I nod now, knowing Quinn speaks from his heart. I look around then, not sensing Ariana nearby. “Where is our faeadonna?”

“Upstairs. Conked out and sleeping like the dead.” Quinn chuckles now as his dark eyes shine. “Our Sleeping Beauty has been through nearly as much as you these past few days. She’s been meeting with our Dark Fae allies from Britain, Novakitsk, and Venice, besides many who were previously hidden amongst the Summer Fae. It seems a Dark Fae movement is happening to re-integrate those who used to live here, back into the city. I am pleased, and it seems to be going well.”

“Any word from the Vampire Council?” I ask, hating to speak of them but knowing we need to address it.
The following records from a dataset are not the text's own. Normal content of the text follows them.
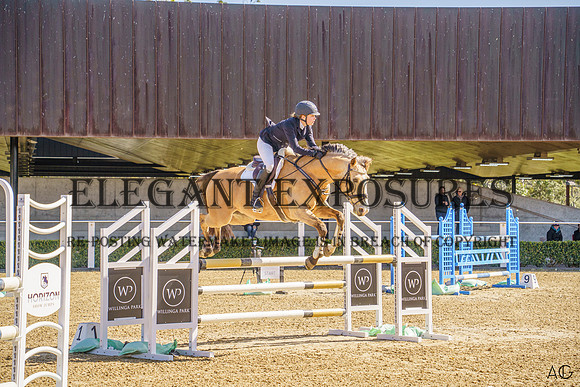 _AJG2011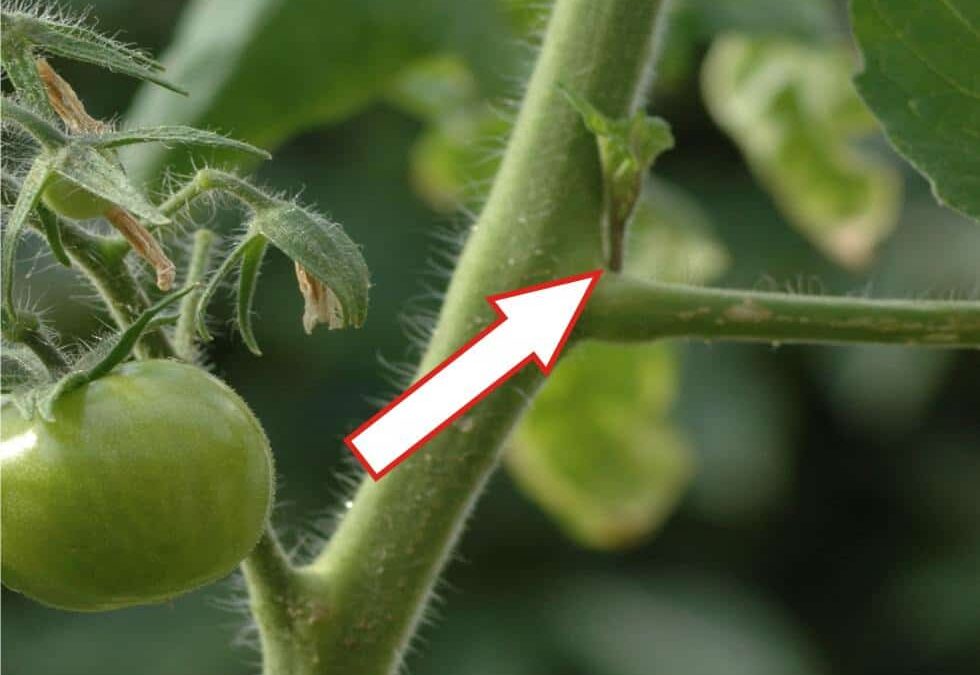 piccola femminella di pomodoro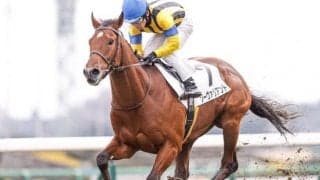 【札幌記念予想】2度の惨敗が妙味を生む！ 相手強化も通用する美味しい穴馬候補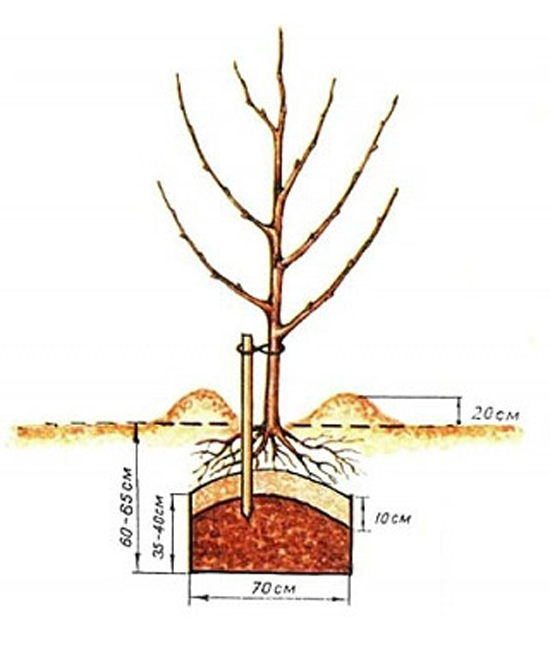как правильно посадить фруктовое дерево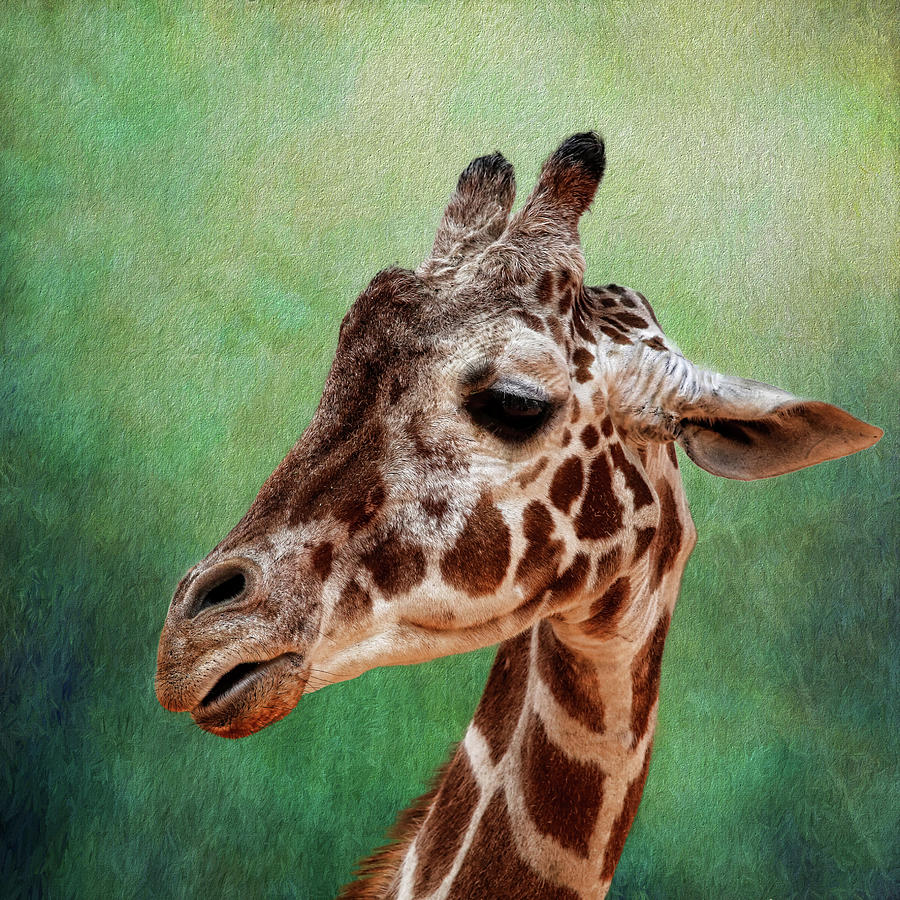 Giraffe Square Photograph by Judy Vincent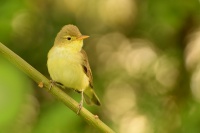 Sedmihlasek hajni - Hippolais icterina - Icterine Warbler 3550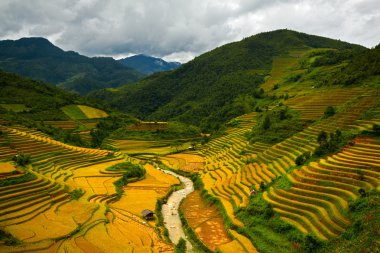 Vietnam 'da teraslı pirinç tarlaları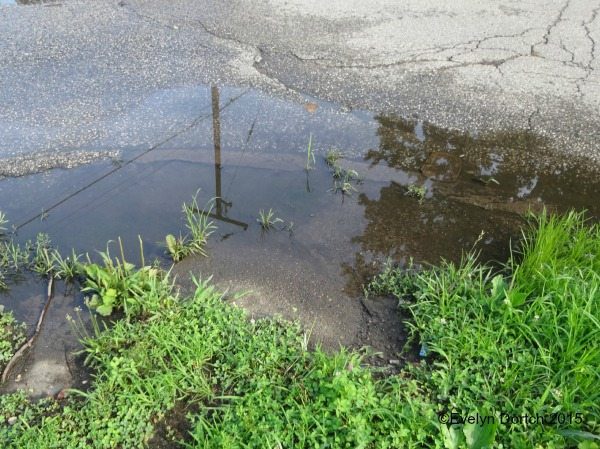 Reflection of Power EclecticEvelyn.com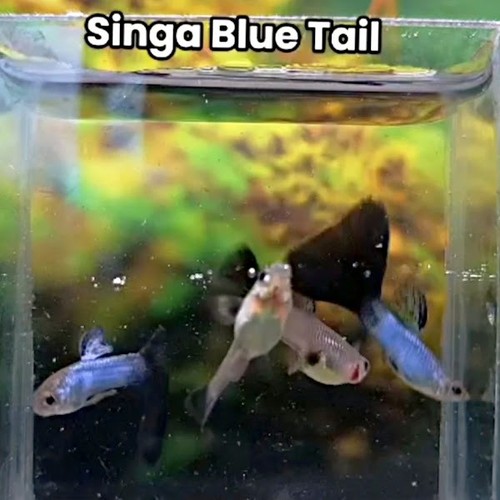 Singa blue tail - singa, pair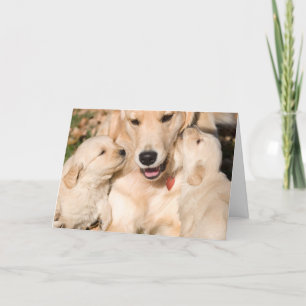 Golden Retriever Happy Moederdag Card Kaart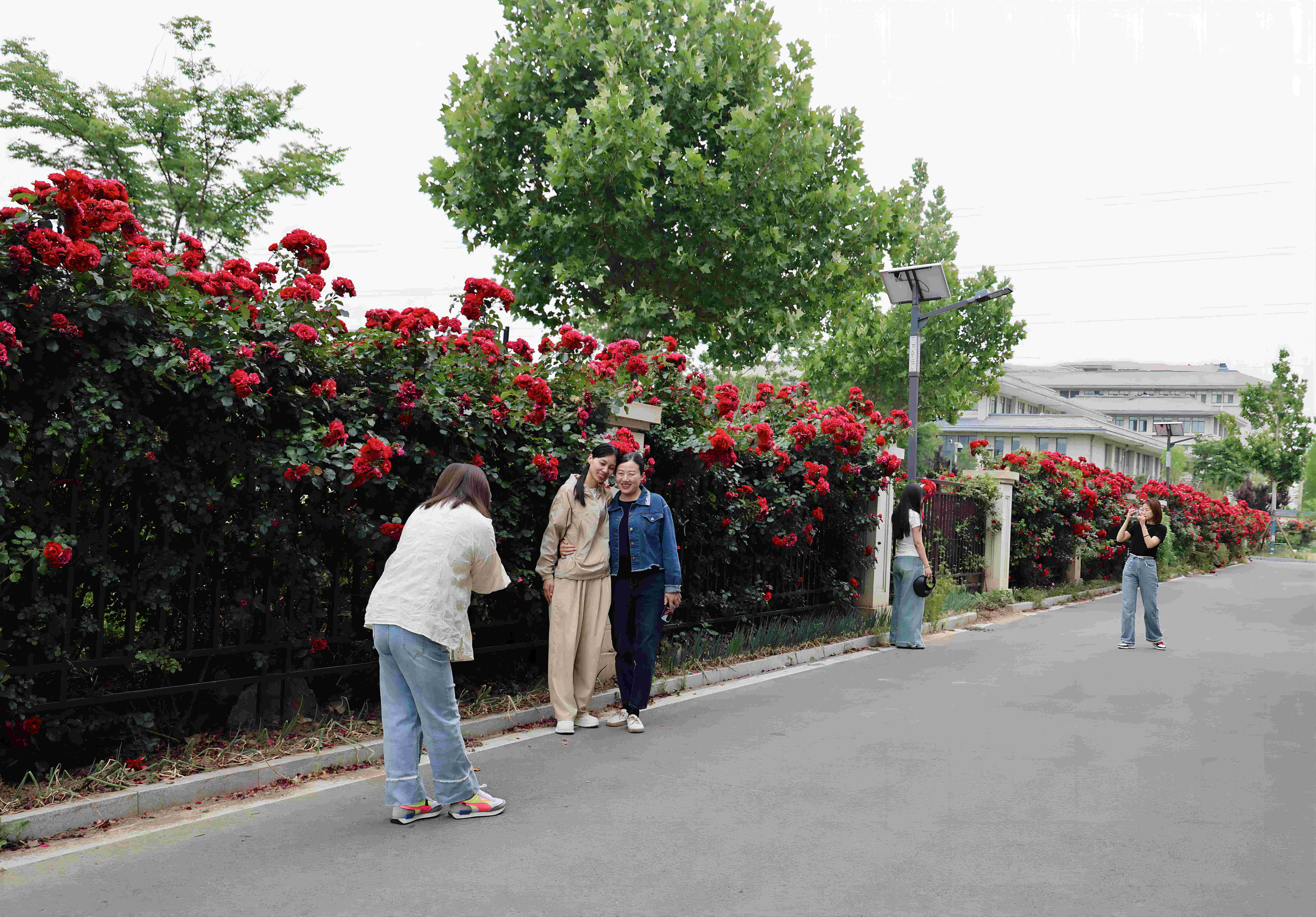 20240530 云臺“月季花墻”吸引居民打卡(1)(1).jpg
“Radio silence.” Quinn shakes his head, though his visage is troubled. “I could see how they might not want to attack us immediately after our big win, taking back Florence, Pisa, and Monaco. That they’re waiting so long now to even send a messenger to me, after their initial pronouncement of open war on this United Haven, makes me uneasy, however. They’re planning something… we’re past the window they might need to regroup. And the darkness of their plot is hidden from me… even from my deepest spies in Rome, and the few allies I have there.”

“Not good.” I frown now, knowing we’ve won one battle, but still have so many more we have yet to face. “I have heard nothing from the Gold Eyes, either. You?”

“No. Nor Ariana.” Quinn shakes his head, swirling his glass as his gaze darkens further. “It seems our Descendant nemesis is content to wait and see what we do, trying to find his heart with the key he gave us.”

“Will you give it to him? His heart, if we find it?” I have to ask, as I glance at Quinn.

“I have to,” he says as he stares at the fire. “I made a blood-oath to Staphylogenes at the Palace of Light, Lucca. You know how those things hold their maker, no matter what. It was the only thing I could do to convince him not to kill us all, right then and there. He was about to; he was only a hair’s breadth from wiping the slate clean of us and starting a new Ascendant’s Triad a thousand years from now, or whenever he could finally reproduce it. Though we gain power, we are still nothing but pawns to him. Only a pawn that holds the prize is worth keeping in the game.”

“Until we give him that prize,” I say as darkness churns inside my heart now, and I sip my brandy. “You know he’s going to off us the moment he gets that heart.”